I murmured something about his vision, his unmistakable delight in what he'd seen, and then we sat on awhile, neither of us speaking.
"The social worker says we can't save his life," Carol finally continued. She didn't look at me, but concentrated on pouring us both another cup of coffee. "'Don't even try,' she told me. 'His heart will fail again.' And she said, 'Let it.' He's come here to die."
I couldn't answer, and she wouldn't lift her eyes. She pressed some toast crumbs, left over from a hasty breakfast, into a tidy pile, volcano-shaped. "They don't know anything," I finally managed. "What can they know?" But my question hung, as it must, in silence.

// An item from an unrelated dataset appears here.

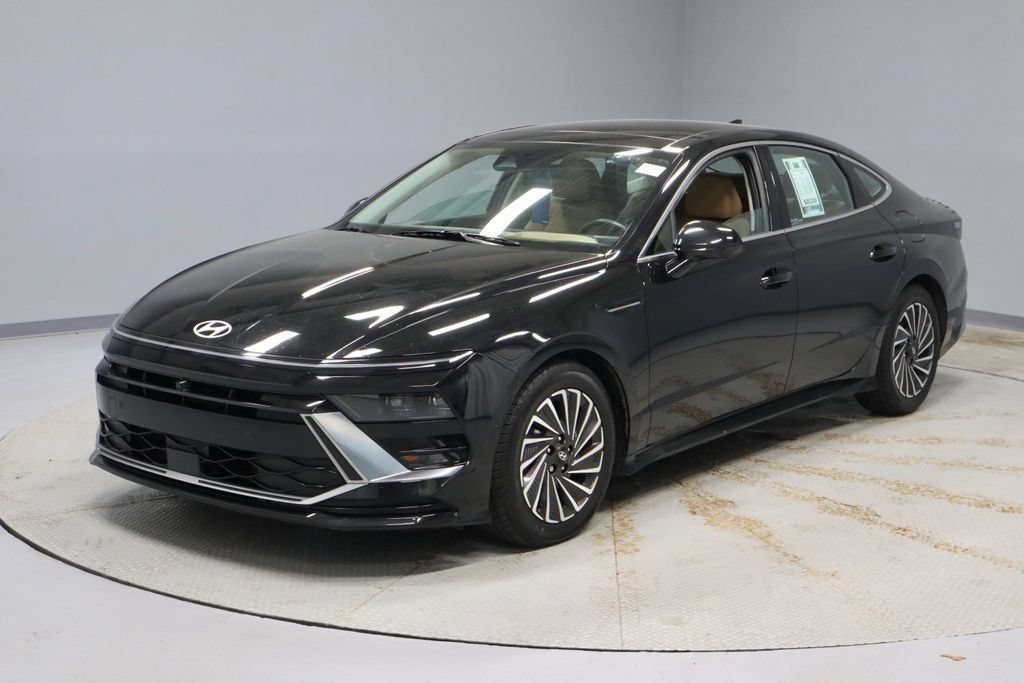 Used 2025 Hyundai Sonata Limited FWD image 14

On every side now, balloons are rising. Fans bellow and the crowd chatters. We stare up at the nebulous shapes, so close together that they meet overhead, creating a new universe of flickering color. Through the din a familiar yelp catches my ear. The response I've learned to make to that brief sound is a sick catch in my stomach and a hasty search for its misplaced source. Sure enough, Tony has become separated from us. Though only a few feet away, he's surrounded by strangers, and the look in his eyes tells me he's already disoriented and rapidly losing control. I dodge around the intervening people and grab at his elbow, jerk him back over to where Bob and Dara are still gazing up at the bumping balloons. I shove him between Bob and me.
"I thought you were keeping track of him," I tell Bob, gasping as if I've just run a lap.
"Where was he?"
"Just over there," I indicate the spot with a wave of my hand. "Going to pieces."
"Put your hand on my shoulder," Bob tells Tony and, still shuddering, Tony clutches at the slippery fabric of Bob's windbreaker. Dara looks back and forth between me and Bob, but a moment later all three of them are engrossed again as the boom of igniting burners transforms one section of the surrounding cloud into stripes of brilliant color. I, though, am ashamed of myself, and stand reimagining my reactions, wishing I hadn't clutched at Tony so roughly, or spoken so sharply to Bob. I glance at the people next to us, expecting glares of disapprobation, but their attention is fixed on the balloons as though nothing happened. Nothing did, I tell myself. It only threatened: that sweeping, defenseless sense of public humiliation that Tony can instantly invoke in me. My own gruff response seems as senseless as Tony's fears. In my mind I rehearse a better scenario to use next time: a calm encircling, shepherding him back to us, quiet words to reassure us all, and no attack on Bob.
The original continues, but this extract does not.